Sarah Greenough, Senior Curator and Head, Department of Photographs
Sarah Greenough is senior curator and head of the department of photographs at the National Gallery of Art. In 1978, she was awarded a Samuel H. Kress Fellowship at the National Gallery, where she has worked ever since. In 1990, she became the founding curator of the department of photographs and has been responsible for establishing and growing the National Gallery's collection of photographs. She also established the program for photography at the National Gallery, which now presents two to three photography exhibitions per year in the museum's dedicated photography galleries, as well as many smaller installations.
During her time at the National Gallery she has organized numerous exhibitions, including Alfred Stieglitz (1983), On the Art of Fixing a Shadow: 150 Years of Photography (1989), Modern Art and America: Alfred Stieglitz and His New York Galleries (2001), André Kertész (2005), Irving Penn: Platinum Prints (2005), Looking In: Robert Frank's "The Americans" (2009), and Beat Memories: The Photographs of Allen Ginsberg (2010), all of which have also traveled to museums around the world.
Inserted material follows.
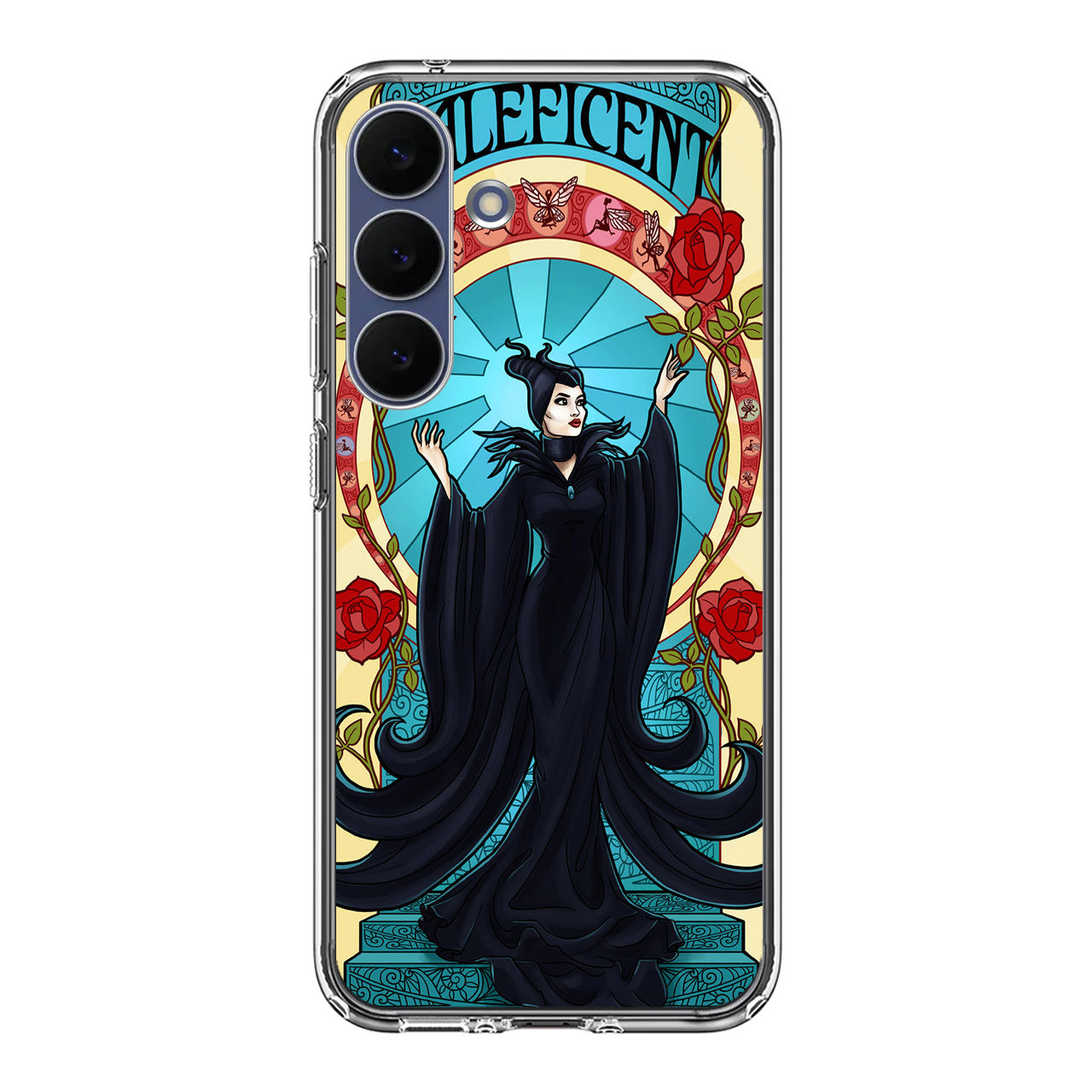Maleficent With Flower Samsung Galaxy S25 FE Case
She was co-curator of The Art of the American Snapshot, 1888-1978: From the Collection of Robert E. Jackson (2007), Impressed by Light: British Photographs from Paper Negatives, 1840-1860, (2008), Tell It with Pride: The 54th Massachusetts Regiment and Augustus Saint Gaudens' Shaw Memorial (2013), Garry Winogrand (2013), The Memory of Time: Contemporary Photographs at the National Gallery of Art (2015), and Sally Mann: A Thousand Crossings (2018), and curator of Harry Callahan at 100 (2011), Photography Reinvented: The Collection of Robert E. Meyerhoff and Rheda Becker (2016).
Greenough is the author of many publications, including Walker Evans: Subways and Streets (1991), Robert Frank: Moving Out (1994), Harry Callahan (1996), Alfred Stieglitz: The Key Set (2002), All the Mighty World: The Photographs of Roger Fenton, 1852–1860 (2004), with Malcolm Daniel and Gordon Baldwin, The Altering Eye: Photographs from the National Gallery of Art (2015), with Sarah Kennel, Andrea Nelson, Diane Waggoner, and Philip Brookman, and author and editor of My Faraway One: Selected Letters of Georgia O'Keeffe and Alfred Stieglitz, Volume One, 1915-1933, Yale University Press (2011).
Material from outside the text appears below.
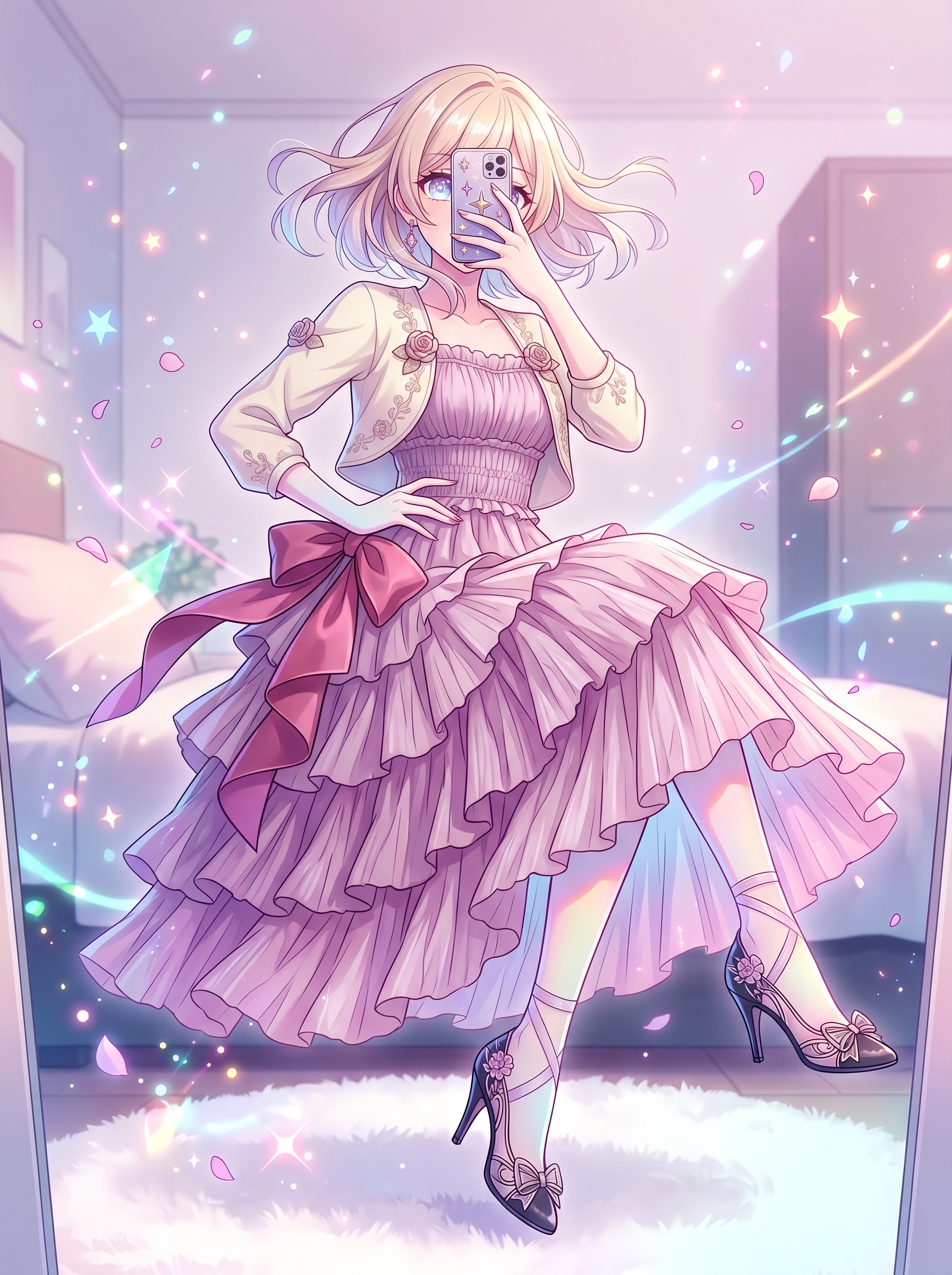 薔薇色の鏡映り | の人気AIイラスト・グラビア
Her exhibitions and publications have won many awards, including the International Center of Photography Publications Award for On the Art of Fixing a Shadow: 150 Years of Photography and the George Wittenborn Memorial Book Award for Alfred Stieglitz: The Key Set for outstanding art publication of the year. In 2007, Greenough and co-author Diane Waggoner won the College Art Association's Alfred H. Barr, Jr. award for outstanding museum scholarship for their exhibition catalog, The Art of the American Snapshot: 1888–1978. In 2009, Greenough won the Outstanding Museum Catalogue of the Year from the Association of Art Museum Curators' award for Looking In: Robert Frank's "The Americans," and in 2010 she won the International Center for Photography's Infinity Award for Publications for the same publication.
Greenough received her PhD and MA from University of New Mexico where she studied with the noted photographic historian Beaumont Newhall. She also holds a BA from the University of Pennsylvania.